Die Hausarbeit analysiert den Malleus Maleficarum (Hexenhammer) von Heinrich Institoris (ca. 1430–1505) als zentrales Dokument der spätmittelalterlichen Hexenverfolgung und untersucht, wie geschlechtsspezifische Stereotype instrumentalisiert werden, um Frauen als anfälliger für Teufelspakte darzustellen. Nach einer Einführung in gesellschaftliche Krisen (Pest, Bevölkerungsrückgang, Individualisierung der Frömmigkeit) und den historischen Kontext von Zaubereivorstellungen (Teufelspakt, Hexensabbat) wird Institoris' Biografie sowie die Entstehung und Wirkung des Werks (1486/87, ca. 30 lateinische Ausgaben bis 1669) beleuchtet. Die Quellenanalyse (Edition Behringer/Jerouschek/Tschacher) zeigt ein extrem misogynes Frauenbild: Frauen gelten als boshaft, eitel, rachsüchtig, intellektuell mangelhaft und von unersättlicher Wollust getrieben – Eigenschaften, die Institoris mit Thomas von Aquin und Bibelstellen begründet und als hexenfördernd interpretiert.
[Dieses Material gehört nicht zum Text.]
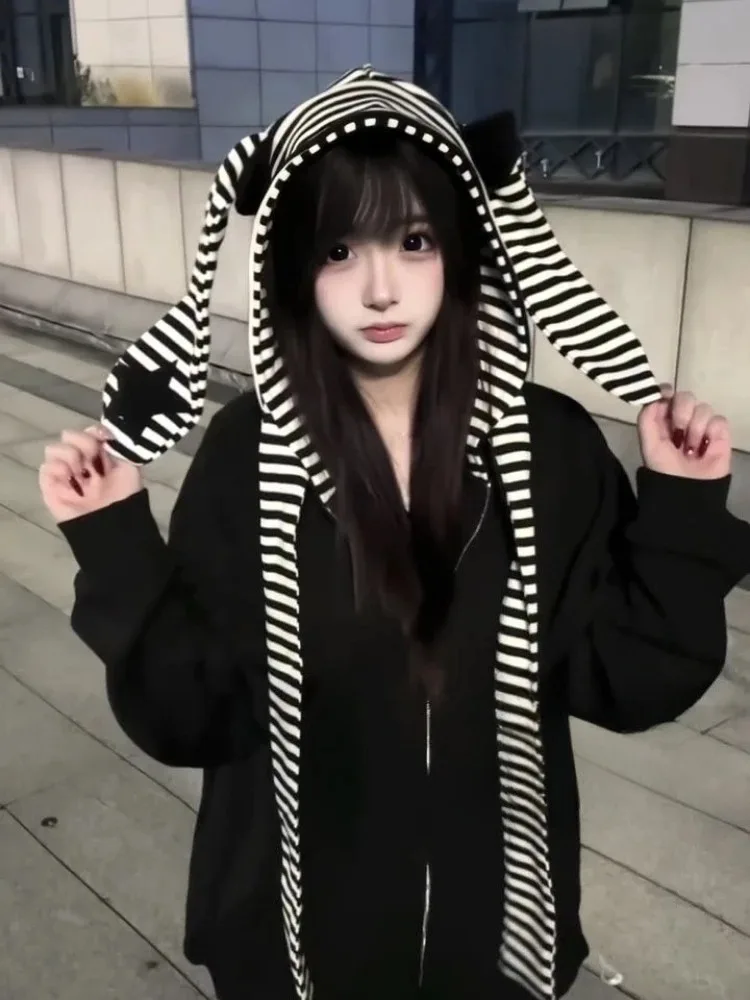 Felpe con cappuccio Harajuku da donna con patchwork a righe Kawaii Grunge Streetwear Felpa con cappuccio allentata casual Y2k Felpa con cerniera estetica Grunge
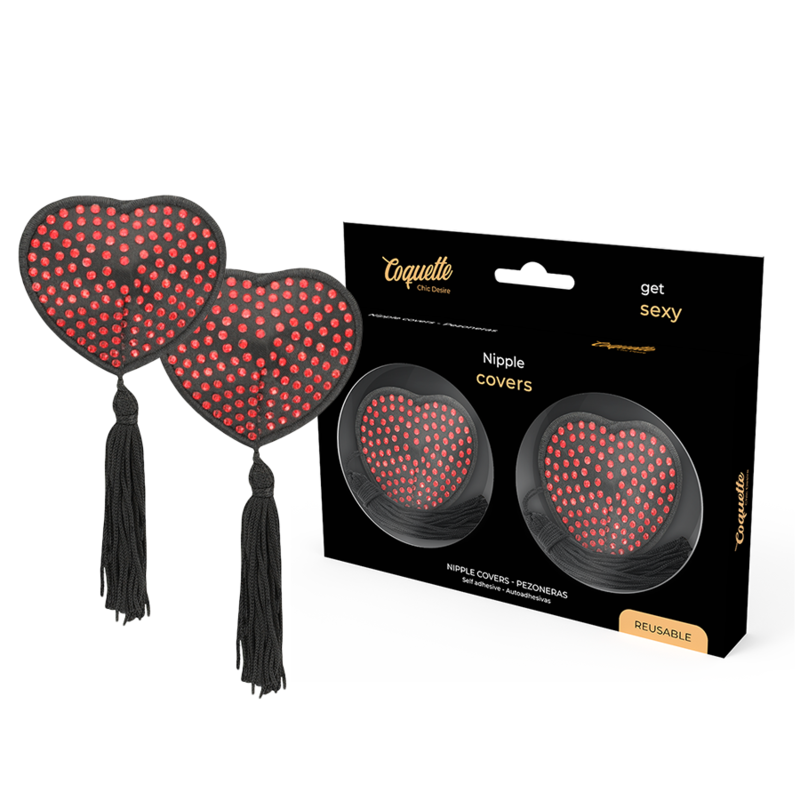 Copri capezzoli a forma di cuore nero e rosso della linea Coquette Chic Desire, accessori sexy e femminili.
Besonders Hebammen werden als überragend böse hervorgehoben; das Geschlecht wird somit zum primären Indiz für Ketzerei.

Leseprobe


Inhaltsverzeichnis

  • 1. Einleitung
  • 2. Gesellschaftliche Umstände im Spätmittelalter
    • 2. 1 Zauberei im Spätmittelalter
    • 2. 2 Entstehung und Verbreitung des Hexenhammers
    • 2. 3 Heinrich Kramer (Institoris)
  • 3. Analyse des Hexenhammers
    • 3. 1 Darstellung der Frau im Hexenhammer
    • 3. 2 Darlegung der Argumentation Institoris, warum sich eher Frauen als Männer dem Teufel zuwenden
  • 4. Fazit
  • Quellenverzeichnis
  • Literaturverzeichnis

Zielsetzung & Themen

Diese Arbeit befasst sich mit Heinrich Institoris' Werk „Malleus Maleficarum“, auch bekannt als Hexenhammer, und untersucht, wie Institoris die Frauen zugeschriebenen Eigenschaften nutzte, um sie als anfälliger für den Pakt mit dem Teufel und die Hexerei darzustellen, sowie welche Rolle das Geschlecht in der Ausübung von Zauberei spielte.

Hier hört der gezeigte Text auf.